Souverainiste de droite, Lester ne croit plus au «beau risque» canadien. Le Canada anglais, selon lui, est traversé par un fort et irréversible courant antiquébécois. L'avenir des francophones québécois passe donc par la souveraineté et par des partis — le PQ et le Bloc — qui devront se situer au centre droit pour rallier «les éléments les plus dynamiques de notre société».
Un moraliste de droite
Antigauchiste primaire, Lester n'a de cesse de s'en prendre aux syndicats et aux fonctionnaires. Il qualifie même les manifestants contre le G20, à Toronto, de «mésadaptés socioaffectifs». Il n'aime pas plus, cela dit, le Parti libéral du Québec, «cette bande de magouilleurs opportunistes au service des Anglais et de leurs auxiliaires ethniques». Il voit d'un mauvais oeil, enfin, l'arrivée d'un parti nationaliste de centre droit qui mettrait en veilleuse la question nationale. Lester, au fond, souhaite un PQ «lucide» qui, dirigé par Pauline Marois, mènera le Québec à sa souveraineté.
Moraliste de droite, le chroniqueur critique «l'Occident cynique et décadent à l'hédonisme hypersexualisé», accable Roman Polanski «le violeur d'enfants», traite Frédéric Mitterrand de «vieille tantouze», souhaite relancer le débat sur l'avortement (le «meurtre d'un être humain»), affirme que «la force de l'Église est d'être fidèle à sa tradition» et en appelle à la disparition du cours Éthique et culture religieuse, dont «l'objectif est de détruire la culture identitaire chrétienne dominante du Québec». Lester tient toutefois à préciser que sa «pensée n'est pas d'inspiration chrétienne» et qu'elle n'a rien à voir avec «cette droite confuse, idiote» des républicains américains.
Le journaliste a du toupet et ne craint pas les sujets chauds et délicats.
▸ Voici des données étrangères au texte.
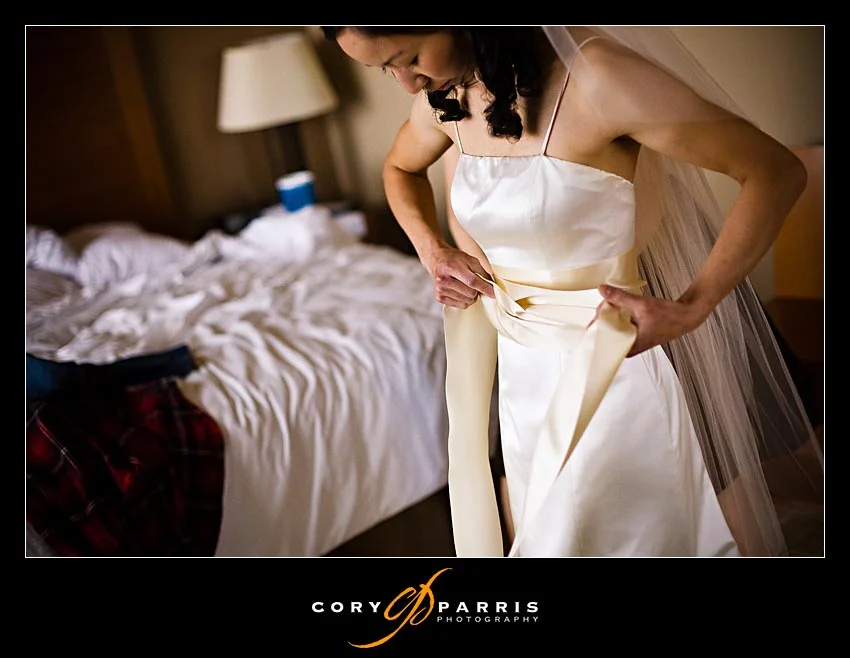 Bride fixing sash on her dress
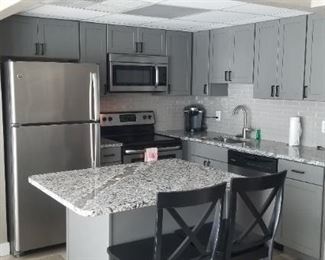 Gray "L" shape kitchen; sink run is 8 feet long; range & fridge run is 9 ft. long. APPLIANCES NOT FOR SALE!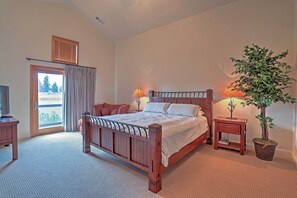 Relax in a spacious bedroom with a large bed, bedside table, and a balcony view.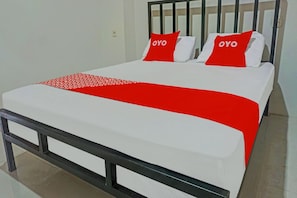 Ein Bett mit einer weißen Matratze, einer roten Decke und zwei Kissen mit dem Schriftzug 'OYO'.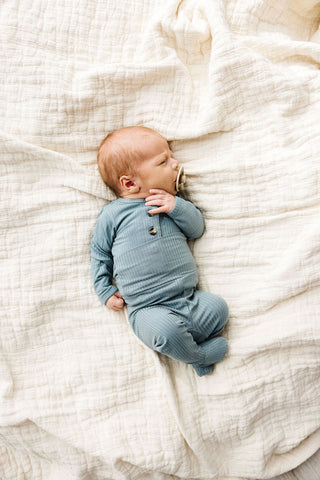 Lou Lou and Company Ribbed Top and Bottoms - Ford
Newborn baby in a blue outfit lying on a textured white blanket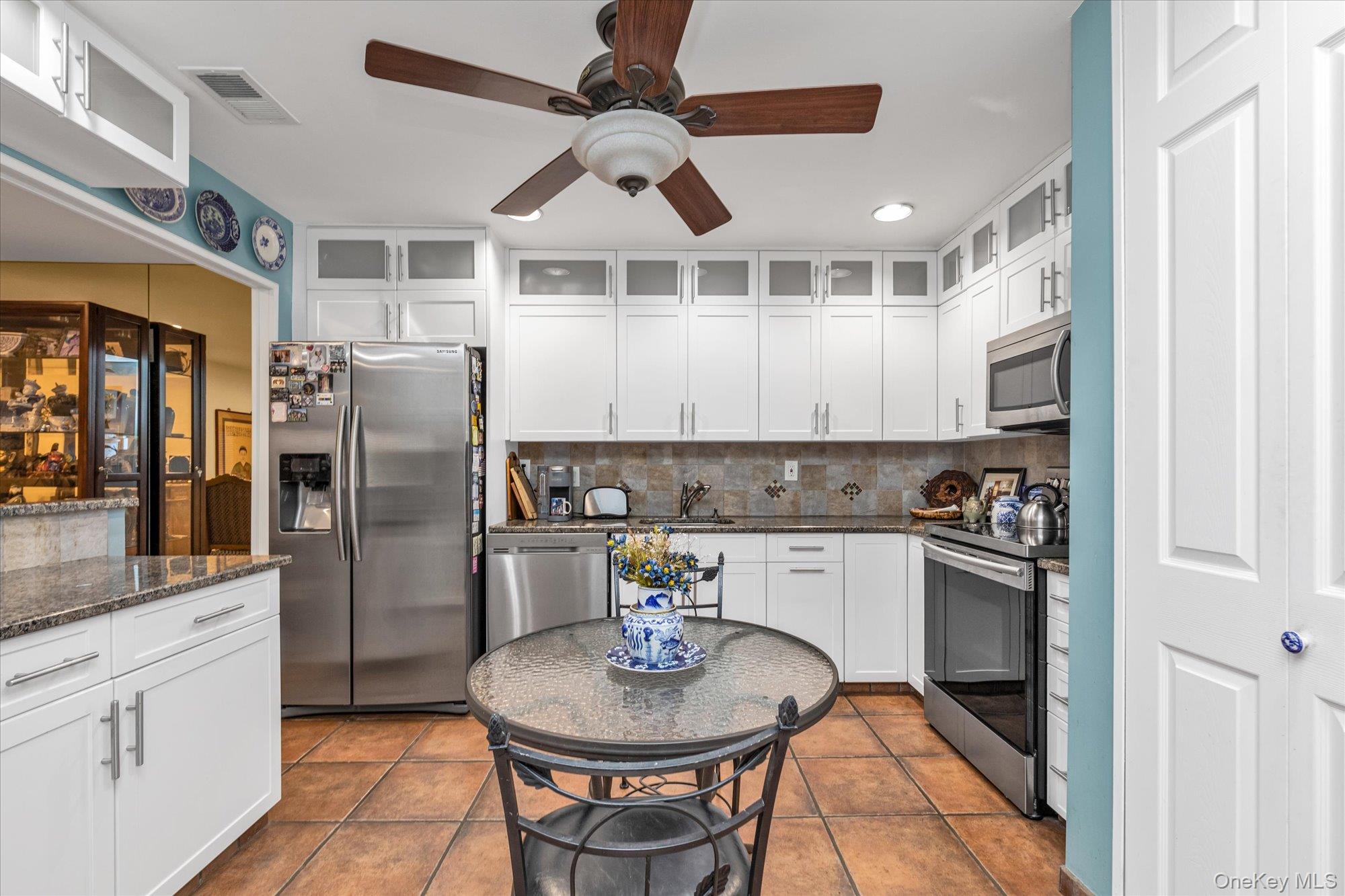 15 Spring Hollow Road Roslyn, NY 11576 - Photo 11 of 30 a kitchen with stainless steel appliances granite countertop a refrigerator a sink a stove and white cabinets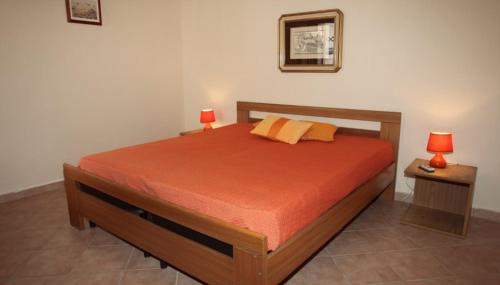 a bedroom with a bed with two lamps on it at Melograno in San Vito lo Capo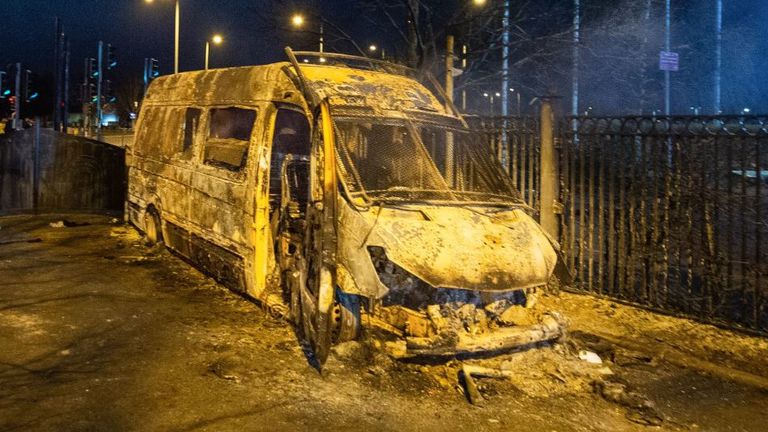 A burnt out police van after a demonstration outside the Suites Hotel in Knowsley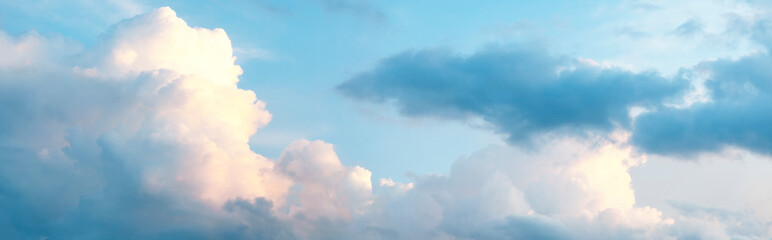 Sunrise in blue clouds, banner.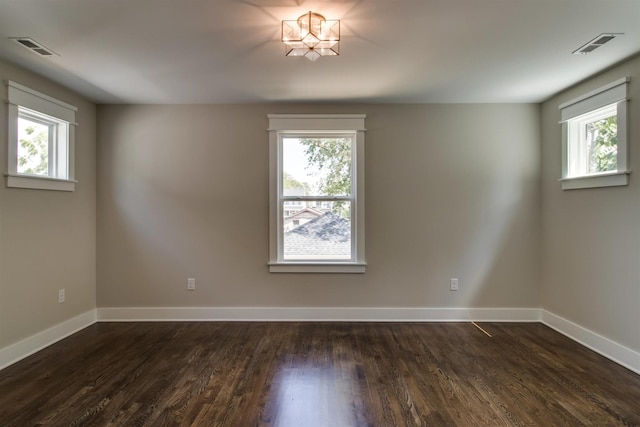 empty room featuring a healthy amount of sunlight and dark wood-type flooring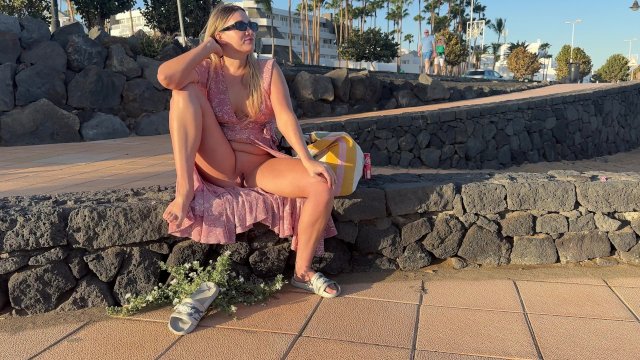 the girl lifted her skirt and opened her legs showing her pussy on the street
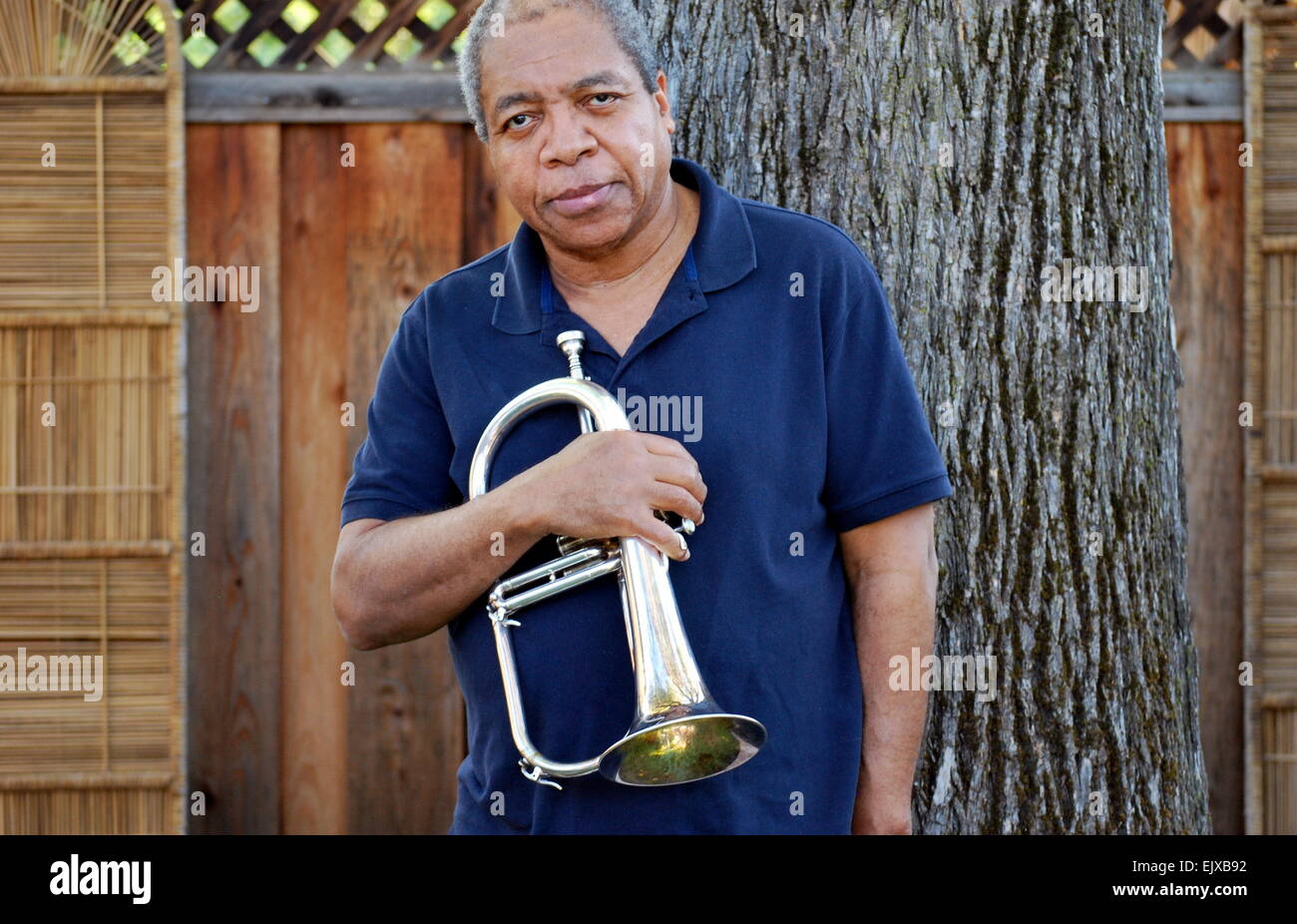 Jazz musician posing with his flugelhorn outside Stock Photo Alamy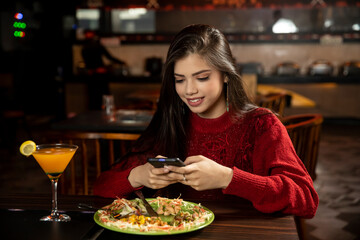 Portrait of a pretty young girl checking her phone while having lunch at the restaurant.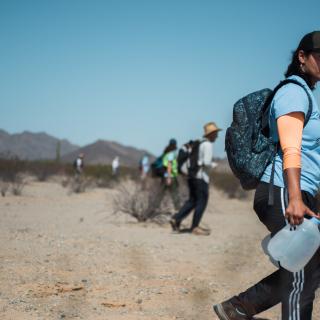 people walking in desert carrying jugs of water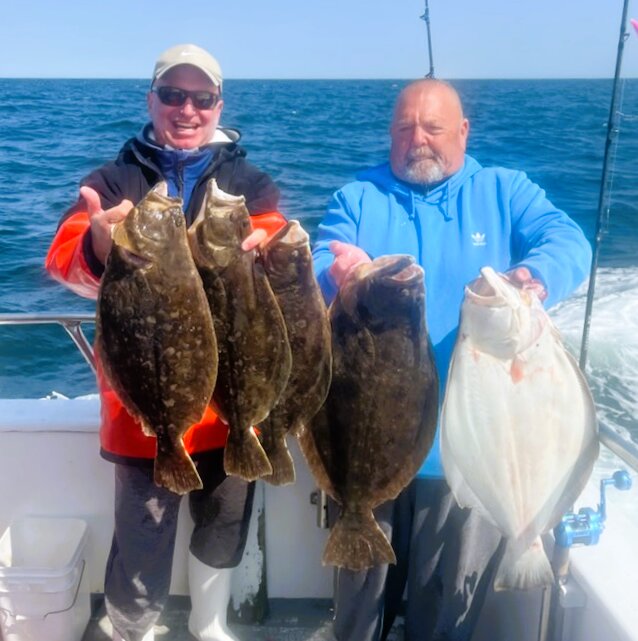 Happy customers aboard the Frances Fleet party boat out of Point Judith, R.I., with the summer flounder (fluke) they caught last week.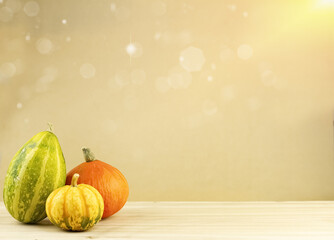 Autumn background with decorative pumpkins, sun glare. Beautiful background with yellow and orange pumpkins on a wooden background, blurry lights and copy space. High quality photo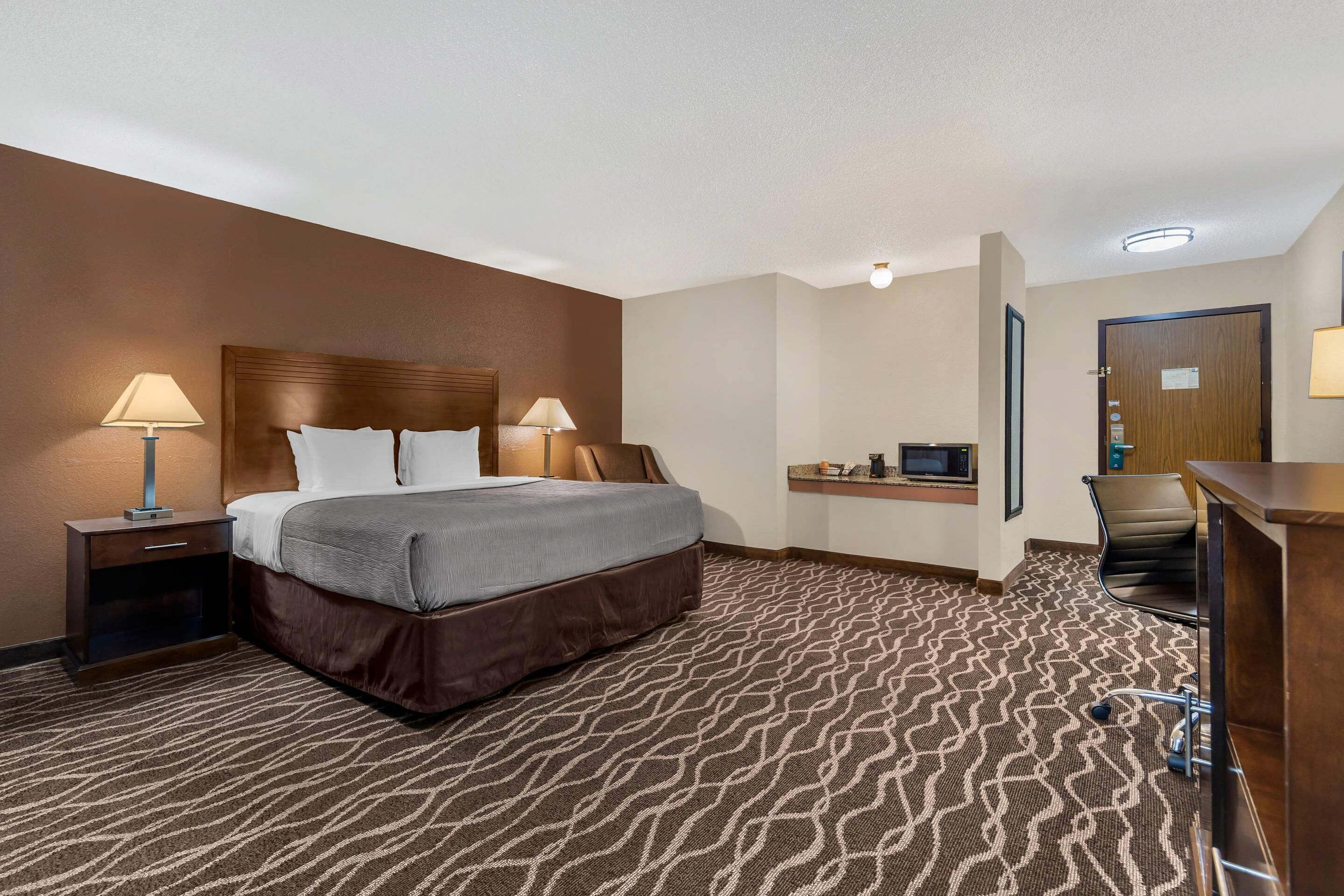A hotel room with a bed, two bedside lamps, a desk with a chair, a microwave, and a door with a sign.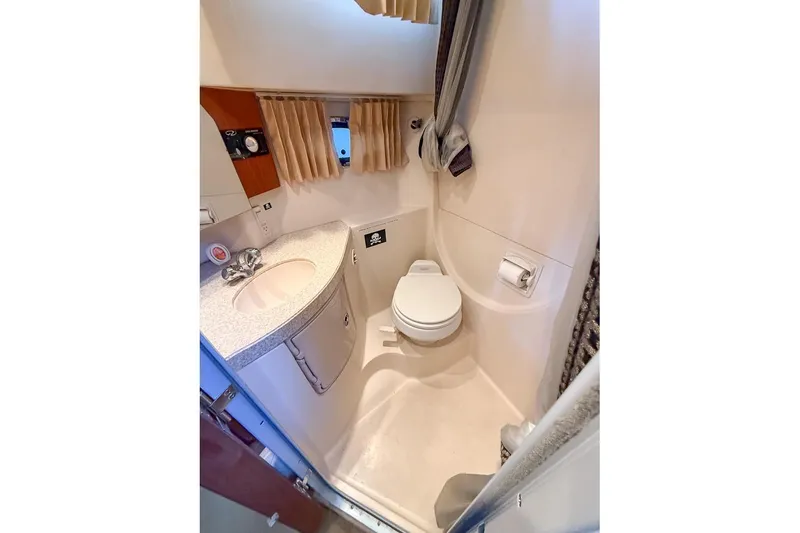 Slide: The Image of Compact bathroom in a 2006 Regal 3060 Window Express boat, featuring sink and toilet. - 26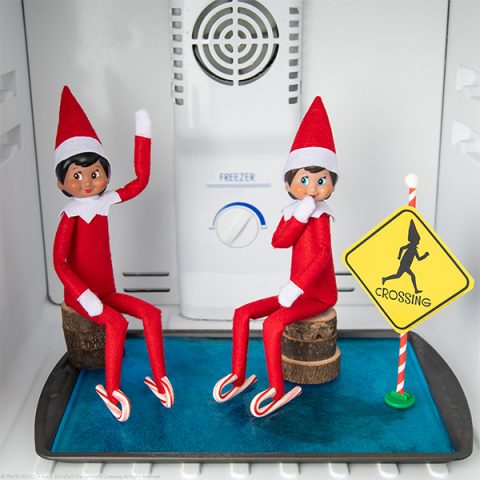 Elves in fridge with ice tray, peppermint skates and printable sign. 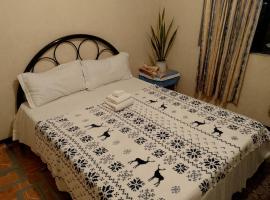 Cristine's Guesthouse, hotell sihtkohas Uldugan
Il signe, dans ces pages, des critiques virulentes du Parti libéral du Canada, de ce qu'il appelle «la mafia mohawk», des politiques belliqueuses et, selon lui, hypocrites de l'État israélien, de l'incompétence crasse de la GRC et du SCRS et de la gestion politique du dossier des «faux» réfugiés tamouls. Il réserve aussi des attaques sévères aux Bush, Obama et Harper, qui ont tout raté en Irak et en Afghanistan, où ils n'auraient jamais dû mettre les pieds.
Normand Lester a du punch. Aussi, son ouvrage se lit d'une traite, malgré certaines affirmations bizarres, comme celle voulant que l'Afrique du Sud soit «le pays coqueluche des intellectuels québécois». Sa brutale «lucidité» droitiste donne souvent envie, cependant, de lui répliquer par un direct du gauche.
Lisée léger
Jean-François Lisée a l'habitude de jouer dans les ligues majeures du débat public québécois. Commentateur hyperactif, il multiplie les propositions originales visant à faire du Québec un État français de centre gauche efficace. Il ne se prive pas, non plus, de commenter la vie politique américaine ou internationale. Lisée, on l'aura compris, n'est pas un amuseur public.
L'austérité, pour autant, n'est pas son affaire. L'intellectuel est aussi un homme joyeux et un père de famille qui ne déteste pas s'amuser. «On me prend trop au sérieux. C'est la croix que je porte», avoue-t-il en introduction à Troisième millénaire. Bilan final, un recueil de ses récentes «chroniques impertinentes», d'abord publiées dans L'Actualité et sur le site français Rue89. «Il ne s'agit pas de prendre les choses à la légère, indique Lisée pour expliquer l'angle de ces chroniques, mais bien de relever la légèreté inhérente à beaucoup de choses.»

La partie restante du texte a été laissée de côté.